Community Health Centers:
Challenges in Transitioning to Prepaid Managed Care
HEHS-95-138: Published: May 4, 1995. Publicly Released: May 4, 1995.
- Full Report:
GAO reviewed the effects of managed health care on community health centers, focusing on: (1) whether centers participating in prepaid managed care have been able to provide medical services without jeopardizing their financial position; (2) lessons learned from centers' experiences in prepaid managed care; and (3) whether the Bureau of Primary Health Care (BPHC) prepares community health centers to operate under prepaid managed care systems.
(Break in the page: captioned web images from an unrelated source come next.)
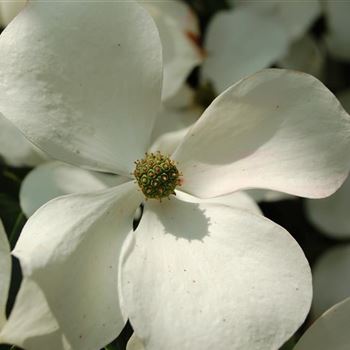 Cornus_kousa_chinensis_GR_Q1.jpg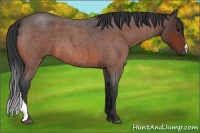 Horse Color:Bay Roan 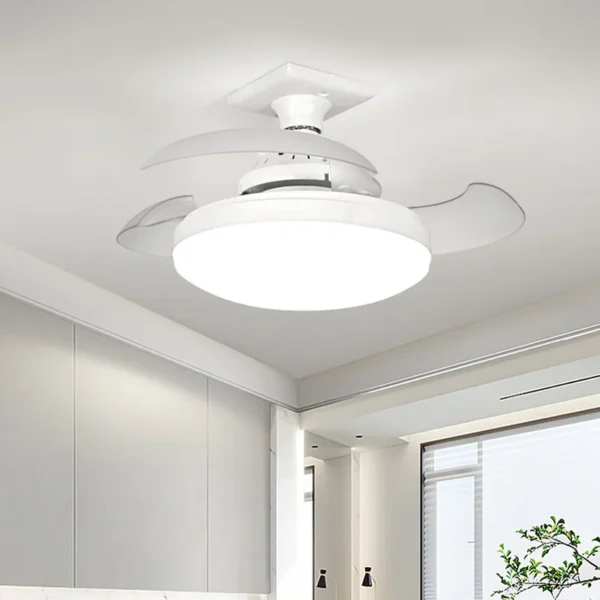 Ceiling Fan, E26, E27 - view 2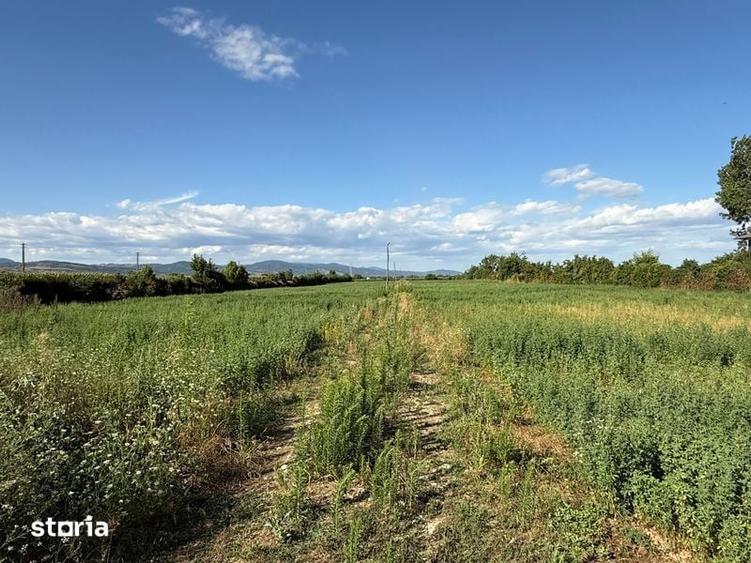 Casă cu 4 camere cu Teren 180 Mp în Central
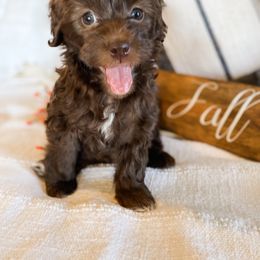 Cavapoo and Havapoo Puppies from Perfectly Playful Doodles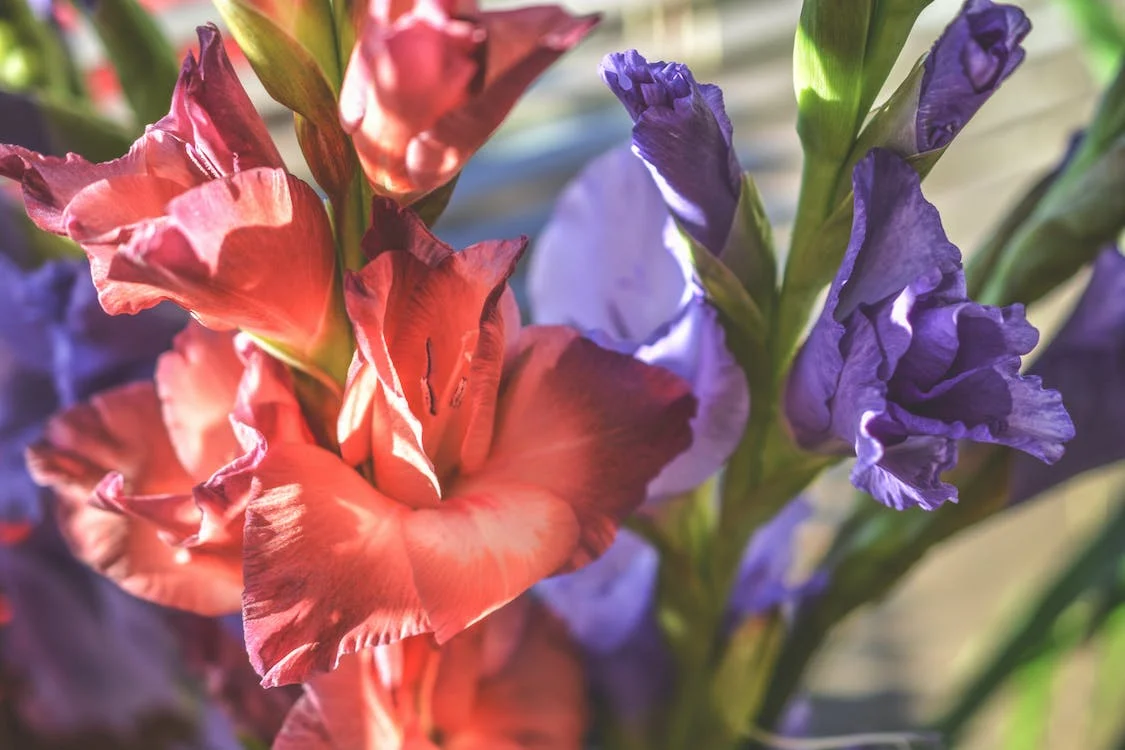 pexels-photo-134072 gladiole rože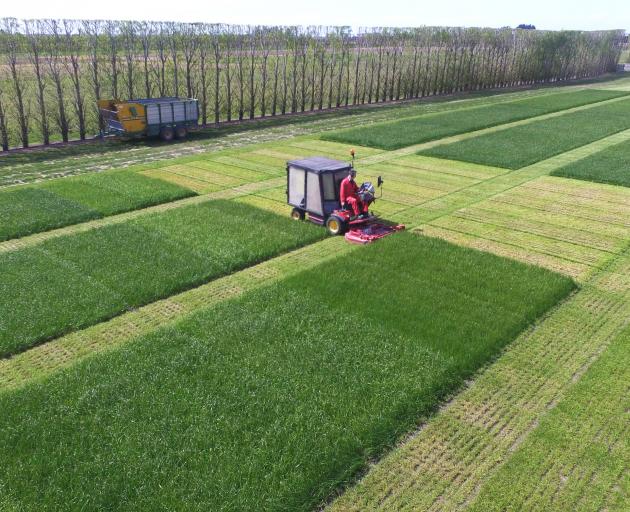 The New Zealand Plant Breeders Research Association runs independently audited cultivar testing...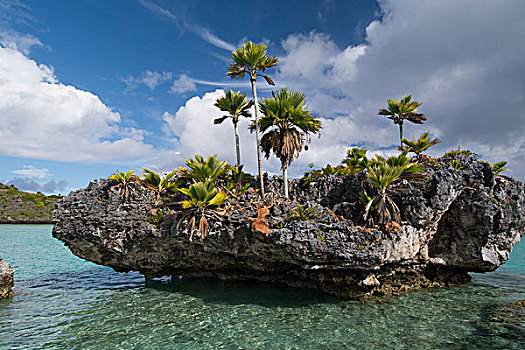 斐济,南方,多,岛屿,景色,泻湖,室内,火山,火山口,蘑菇,小岛,珊瑚,石灰石,形状,吃剩下,小,有机生物,波浪,动作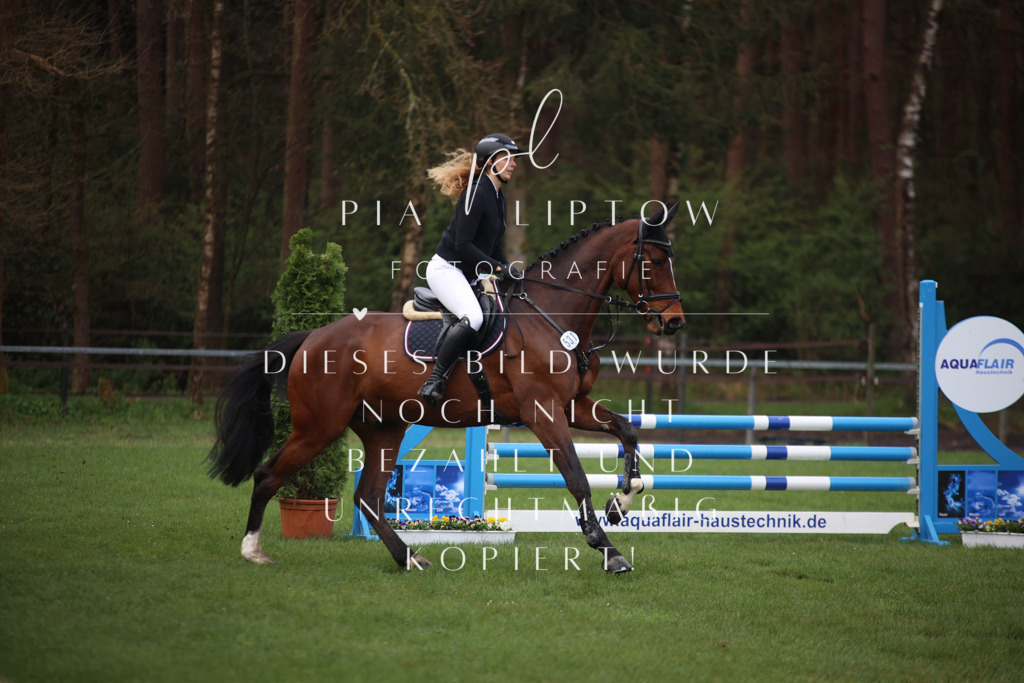 IMGT2342 | pl-fotografie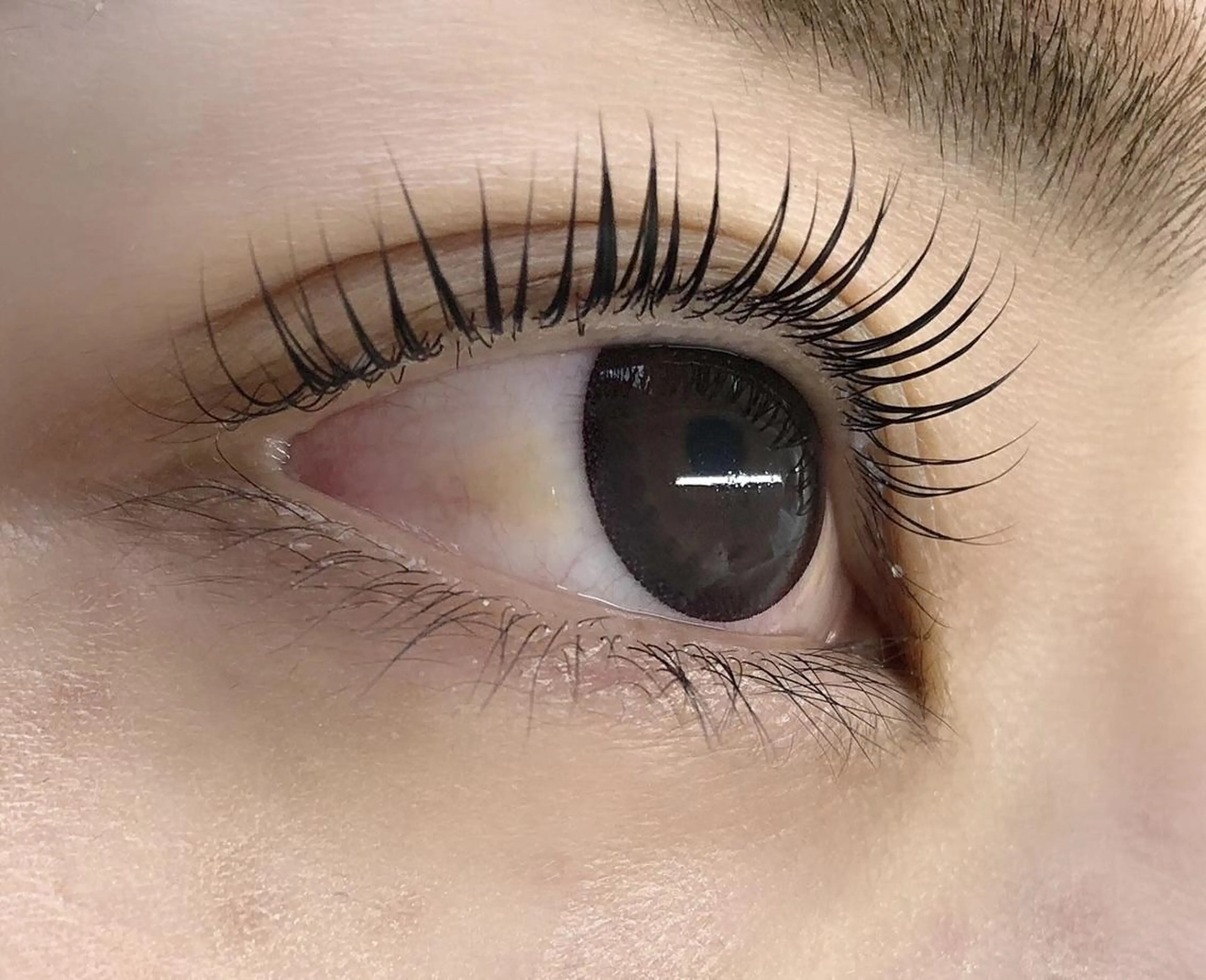 マツエク・マツパ Becky Lash所属・田中 都萌子の眉毛・アイブロウイメージ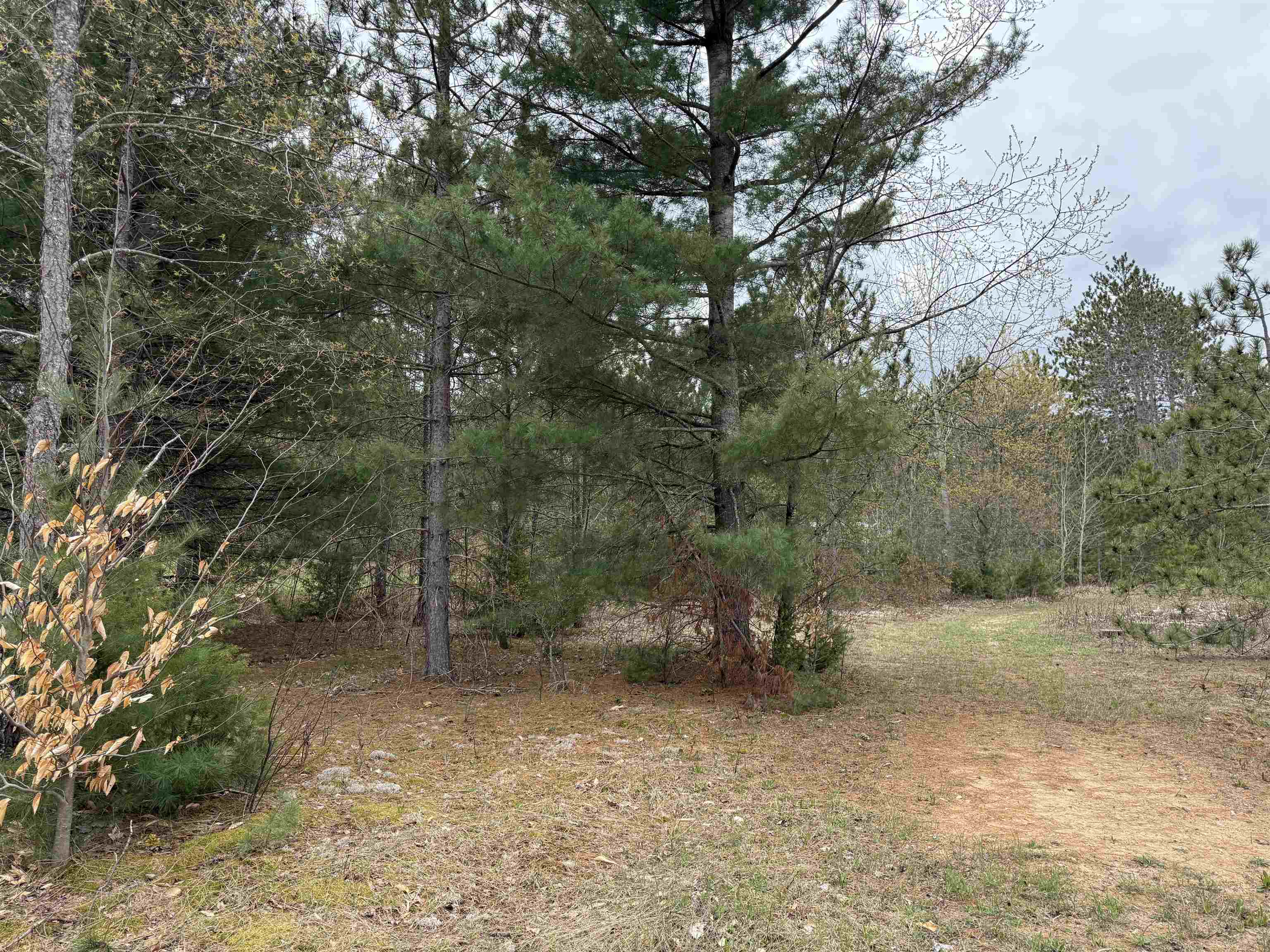 3522 Sigma Road Southeast Kalkaska, MI 49646 - Photo 22 of 24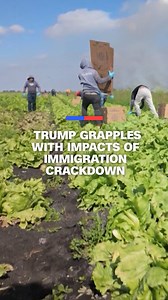 As the Trump administration has doubled down on its hardline immigration agenda, behind the scenes senior Trump officials and the president himself have grappled with the consequences of that crackdown against a key portion of the workforce: migrant workers. CNN's Priscilla Alvarez reports. https://cnn.it/44KFICa | CNN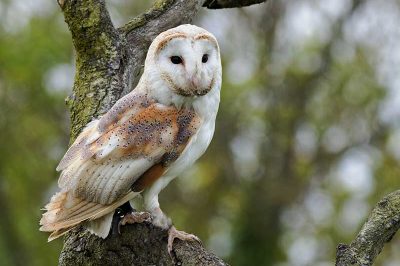 Barn Owl
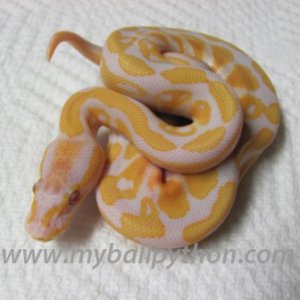 Lavender Albino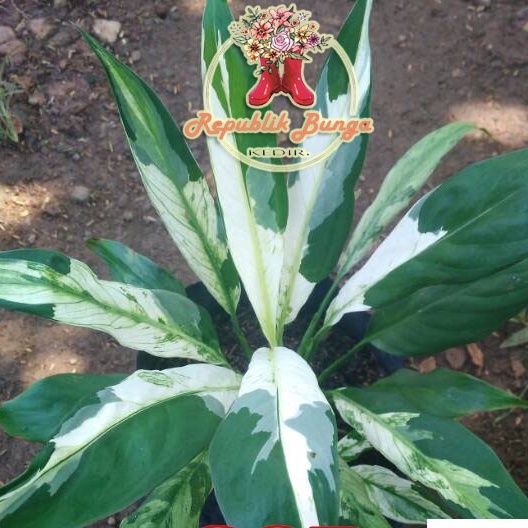 Bunga Peace Lily Tanaman Hias Bunga Peace Lily Variegata Sepatu Filum Tanaman Hias Lily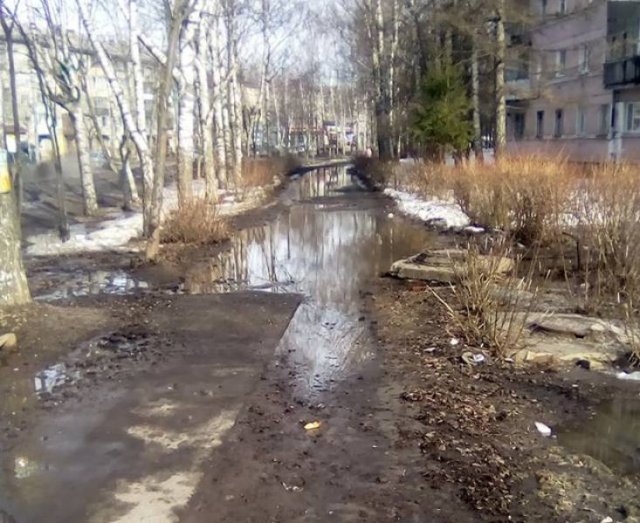 Strange Russians (38 pics)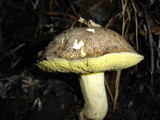 Suillus fuscotomentosus image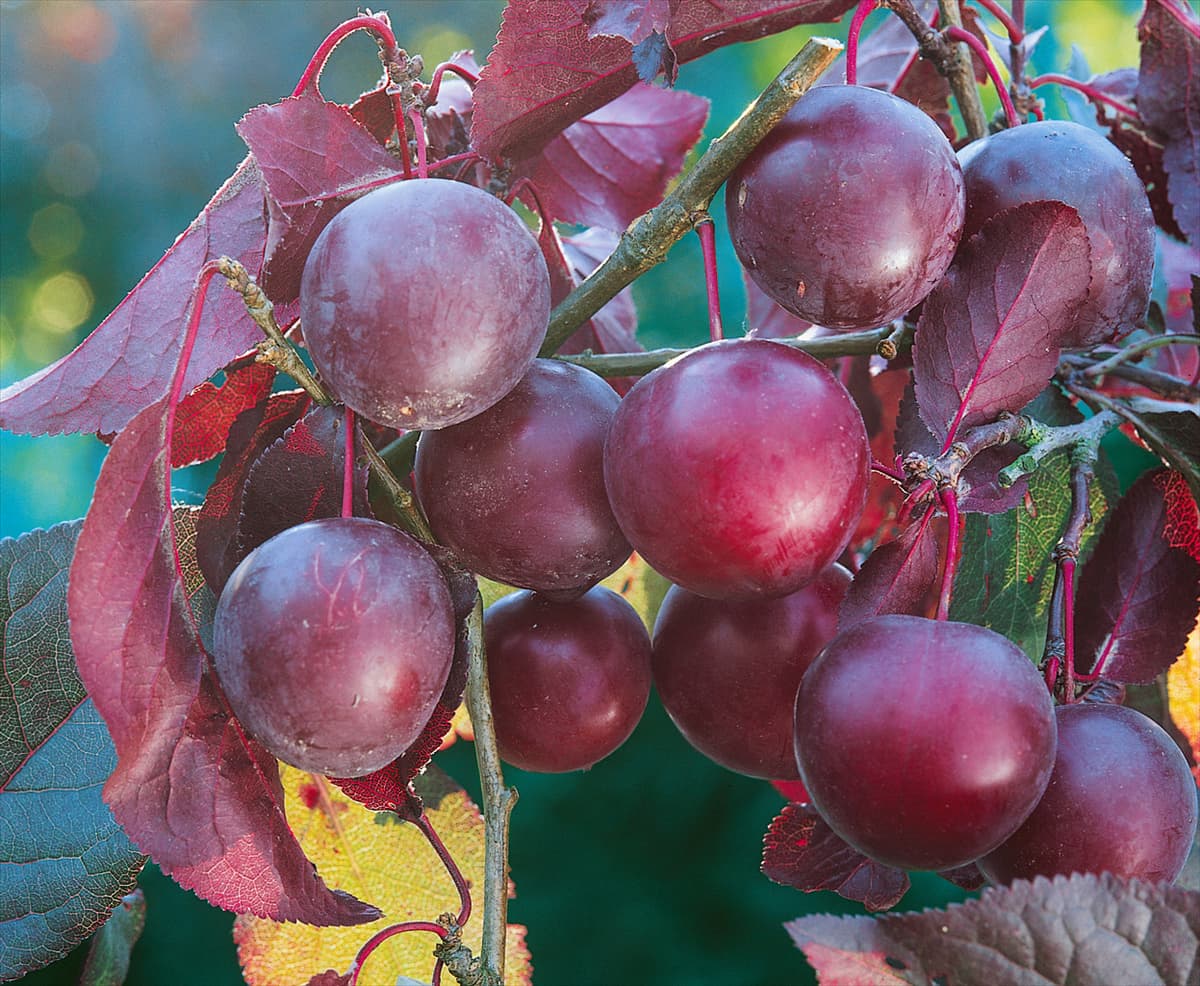 Prunus domestica subsp. italica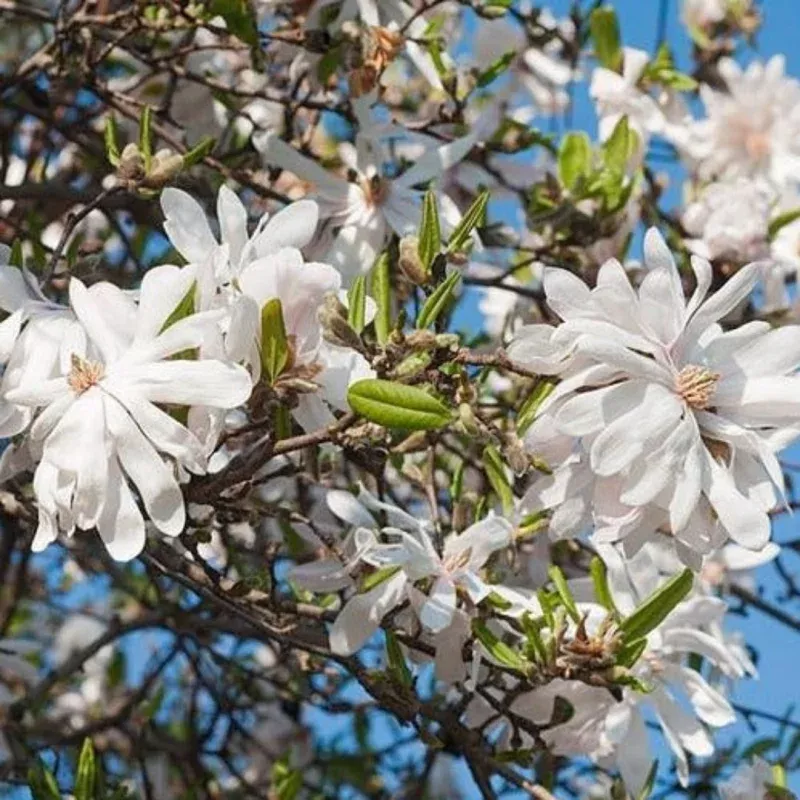Centennial Magnolia White Flower Tree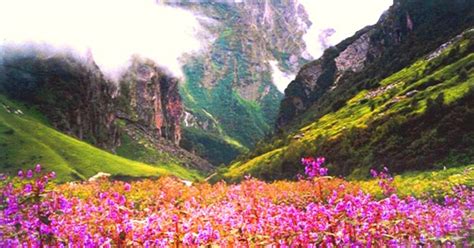 The Amazing World Valley Of Flowers National Park The Land Of Flowers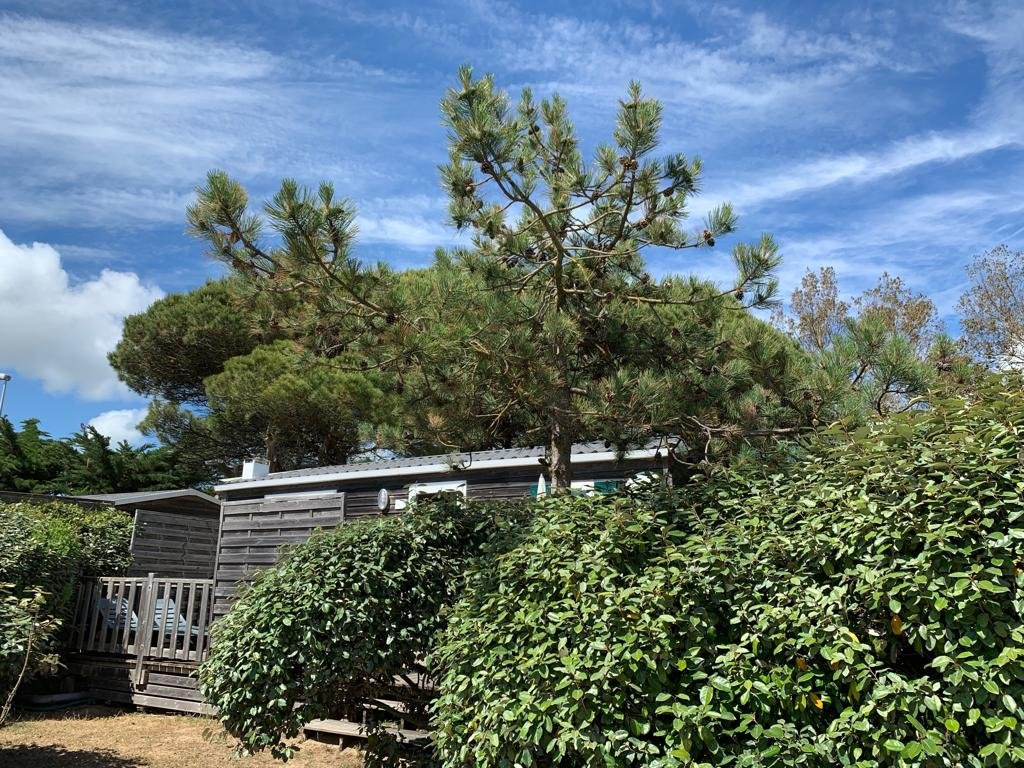 Sandaya Interlude主图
GAO found that by 1993: (1) almost 500,000 community health center patients were covered by prepaid managed care arrangements; (2) the 10 centers surveyed were able to continue to provide full services to their vulnerable clients in part due to other revenue sources; (3) all 10 centers increased their patient load and spending for a variety of services, while 7 centers also increased their spending for uncompensated care; (4) all 10 centers improved their financial condition due to increased revenues from a variety of sources; and (5) 3 centers had losses of up to $124,000, while 6 centers had excess revenues of up to $100,000 from prepaid managed care. GAO also found that: (1) the centers may be financially vulnerable if they depend on Medicaid prepaid managed care for a sizeable portion of their revenues, have inadequate capitation rates, and have financial responsibility for other than primary care services or rely on other federal and state funding sources; (2) lessons learned from centers' experiences with prepaid managed care include the likely loss of patients if the centers fail to participate, low capitation rates, assumption of too much financial risk, and the lack of managed care skills; and (3) to encourage centers' participation in prepaid managed care, BPHC has implemented an initiative to fund centers' efforts to develop delivery networks with other health providers for managed care operations.